Four suppliers face 31 October deadline to pay £14.7M in outstanding RO payments

Ofgem has issued Delta Gas and Power, Gnergy, Robin Hood Energy and Toto Energy with final orders to compel them to make £14.7 million in outstanding payments they owe to comply with the Renewables Obligations schemes within the month.

The payments to be made by 31 October are:

  • Delta Gas and Power: £91,937
  • Gnergy Ltd: £637,876
  • Robin Hood Energy Ltd: £9,435,925
  • Toto Energy Ltd: £4,555,880

Suppliers have to demonstrate they have sourced enough electricity from renewable sources to meet their obligation by presenting Renewables Obligation Certificates (ROCs) to Ofgem by 1 September. If suppliers do not have enough ROCs to meet their obligation, they must make up the shortfall by paying into a buy-out fund administered by Ofgem by 31 August.

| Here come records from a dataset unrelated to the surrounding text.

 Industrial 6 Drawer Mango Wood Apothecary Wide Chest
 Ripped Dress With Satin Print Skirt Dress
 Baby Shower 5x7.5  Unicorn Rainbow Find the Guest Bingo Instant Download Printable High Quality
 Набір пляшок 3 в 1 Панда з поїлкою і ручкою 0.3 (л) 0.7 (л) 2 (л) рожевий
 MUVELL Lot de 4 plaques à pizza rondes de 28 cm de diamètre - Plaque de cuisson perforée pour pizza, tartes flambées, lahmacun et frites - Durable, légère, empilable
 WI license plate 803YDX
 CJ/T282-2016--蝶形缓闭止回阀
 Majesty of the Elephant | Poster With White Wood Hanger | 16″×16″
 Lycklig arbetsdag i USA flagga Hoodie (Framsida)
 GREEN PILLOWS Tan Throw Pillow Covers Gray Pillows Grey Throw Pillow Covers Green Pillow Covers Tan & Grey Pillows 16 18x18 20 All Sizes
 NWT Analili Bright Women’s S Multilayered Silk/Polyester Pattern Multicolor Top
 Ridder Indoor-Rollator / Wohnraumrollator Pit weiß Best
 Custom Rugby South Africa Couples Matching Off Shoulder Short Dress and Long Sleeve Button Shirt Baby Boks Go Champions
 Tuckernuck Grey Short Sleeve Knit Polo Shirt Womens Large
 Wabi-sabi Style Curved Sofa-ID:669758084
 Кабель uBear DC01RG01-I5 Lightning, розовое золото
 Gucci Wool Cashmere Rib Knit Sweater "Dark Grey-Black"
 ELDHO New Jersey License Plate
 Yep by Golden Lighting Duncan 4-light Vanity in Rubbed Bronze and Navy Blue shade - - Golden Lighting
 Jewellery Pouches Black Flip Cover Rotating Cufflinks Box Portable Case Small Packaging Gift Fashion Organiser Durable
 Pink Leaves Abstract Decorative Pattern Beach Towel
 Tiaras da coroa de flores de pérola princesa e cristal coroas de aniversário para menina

The four suppliers have failed to pay into the buy-out fund or present the required number of ROCs by the 31 August and 1 September 2019 deadlines. They have until 31 October 2019 late payment deadline to make the outstanding payments, plus interest.

If the final orders are confirmed later this month, and the suppliers do not make the payments, Ofgem could start the process of revoking their licence to supply energy.

But Robin Hood Energy says it has been in negotiations with Ofgem since August over a phased payment plan. It says, “A number of companies paid last year via installments and this was our proposal to Ofgem in September. We will be making our ROCs payments to Ofgem in full and we will be doing that in monthly installments starting in October. This means that as a business we are in a robust and stable position to continue to grow.” Read Robin Hood Energy’s full response here

Other suppliers missed the 31 August deadline but have given satisfactory assurances to Ofgem on meeting their obligations.

Mary Starks, executive director of consumers and markets said: “Supplier failure to comply with the schemes undermines the integrity of the schemes and is unacceptable. It also adds to the costs of other suppliers who do meet their obligations as they have to absorb or make up any shortfall.”

Gillian Guy, chief executive of Citizens Advice, said: “When energy suppliers fail to pay their bills, it’s customers who end up picking up the tab through higher bills of their own. This is not a new problem. Last year less than half of the initial unpaid Renewables Obligation (RO) was ever paid back.

“Energy suppliers should not be allowed to build up these levels of debt in the first place. The government needs to bring in legislation to require companies to make industry payments – including ROs – more regularly. This would limit the cost to customers when suppliers fail to pay or exit the market.”